There lots of interesting outcomes from the survey however perhaps the most important one was that 67% of the people trying to get a free park arrived before 7am while only 31% of those reserving a space did. 51% of those reserving spaces arrived between 7am and 8am. This shows that allowing people to reserve a space let them be more flexible in what time they got to work, leaving home when they wanted to rather than when they had to if they wanted a space. The users reserving a space found they were less stressed and had higher satisfaction ratings to the P&R service.
In contrast those trying for the free spaces were unhappier and often resented the fact they could see spaces that had been reserved but that someone hadn’t turned up to use yet. They felt they should be able to park in the reserved spaces.

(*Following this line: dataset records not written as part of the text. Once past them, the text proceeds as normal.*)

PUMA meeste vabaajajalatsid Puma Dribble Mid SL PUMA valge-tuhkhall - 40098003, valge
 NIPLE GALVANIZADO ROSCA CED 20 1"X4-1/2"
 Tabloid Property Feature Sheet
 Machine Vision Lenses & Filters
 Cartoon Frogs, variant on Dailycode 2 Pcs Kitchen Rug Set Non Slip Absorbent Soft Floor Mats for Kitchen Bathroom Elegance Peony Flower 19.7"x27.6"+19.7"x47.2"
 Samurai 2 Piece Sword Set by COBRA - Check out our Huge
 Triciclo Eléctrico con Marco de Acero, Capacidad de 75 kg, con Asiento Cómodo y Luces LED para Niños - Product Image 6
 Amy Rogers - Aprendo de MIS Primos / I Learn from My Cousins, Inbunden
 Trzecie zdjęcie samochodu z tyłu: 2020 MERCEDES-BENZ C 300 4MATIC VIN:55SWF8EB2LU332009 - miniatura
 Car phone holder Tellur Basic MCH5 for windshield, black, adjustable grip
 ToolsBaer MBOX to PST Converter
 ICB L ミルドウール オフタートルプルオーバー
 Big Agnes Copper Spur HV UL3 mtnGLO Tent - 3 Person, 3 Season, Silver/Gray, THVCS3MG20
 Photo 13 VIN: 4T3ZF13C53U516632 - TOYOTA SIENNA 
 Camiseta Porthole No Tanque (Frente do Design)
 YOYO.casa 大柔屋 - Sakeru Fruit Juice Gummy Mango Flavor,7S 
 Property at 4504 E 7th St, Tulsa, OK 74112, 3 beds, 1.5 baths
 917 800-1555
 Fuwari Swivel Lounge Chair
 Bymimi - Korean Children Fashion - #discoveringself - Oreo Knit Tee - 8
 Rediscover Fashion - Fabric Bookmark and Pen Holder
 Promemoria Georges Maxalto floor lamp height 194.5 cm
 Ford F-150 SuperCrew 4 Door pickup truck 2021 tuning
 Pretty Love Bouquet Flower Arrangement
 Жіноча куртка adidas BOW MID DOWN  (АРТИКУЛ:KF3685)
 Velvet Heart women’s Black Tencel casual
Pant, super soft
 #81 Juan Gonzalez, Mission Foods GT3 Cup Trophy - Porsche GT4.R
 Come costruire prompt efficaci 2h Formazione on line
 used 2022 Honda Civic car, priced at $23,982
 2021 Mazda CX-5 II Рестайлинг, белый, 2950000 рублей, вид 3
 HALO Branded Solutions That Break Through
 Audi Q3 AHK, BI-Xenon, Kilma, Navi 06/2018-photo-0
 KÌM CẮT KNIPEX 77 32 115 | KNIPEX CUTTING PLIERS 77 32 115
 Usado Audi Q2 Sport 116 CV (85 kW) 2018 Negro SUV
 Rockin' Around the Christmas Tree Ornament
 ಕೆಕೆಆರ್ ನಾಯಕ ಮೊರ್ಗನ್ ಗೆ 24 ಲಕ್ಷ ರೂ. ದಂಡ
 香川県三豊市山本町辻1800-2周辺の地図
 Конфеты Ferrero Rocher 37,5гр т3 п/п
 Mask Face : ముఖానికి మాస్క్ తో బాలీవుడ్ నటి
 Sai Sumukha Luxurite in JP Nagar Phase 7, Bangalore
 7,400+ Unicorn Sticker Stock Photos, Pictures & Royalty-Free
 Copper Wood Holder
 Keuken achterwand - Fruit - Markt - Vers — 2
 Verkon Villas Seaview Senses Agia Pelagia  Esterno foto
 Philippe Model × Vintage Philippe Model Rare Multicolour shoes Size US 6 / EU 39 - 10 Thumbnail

Many also were paying the $3 daily fee but felt they didn’t use PT enough to benefit from reserving a space permanently.
There are a number of other findings from this survey however my reading of it seems to suggest that that from a customer satisfaction point of view the daily charge was best option for most people.
All up despite the changes to introduce pricing for the carparks patronage has continued to increase and even appears to have accelerated in recent years. One of the most interesting outcomes to charging was that people who previously used P&R to access the PT network continued to use PT but accessed it differently while the presence of a charge actually helped to attract new users who previously couldn’t find a space.
From this it appears that the best option for charging is simply to introduce a daily fee on carparks perhaps with a hybrid system of letting people reserve a space close to the platform too. The discussion document talks about how pricing should be able to be made with HOP which is what AT should be doing and would make things super easy. It will be a while before we see charging for P&R however as AT say other prerequisites are that there are frequent feeder services to stations and that we have integrated fares. Both of those things are while away from implementation yet.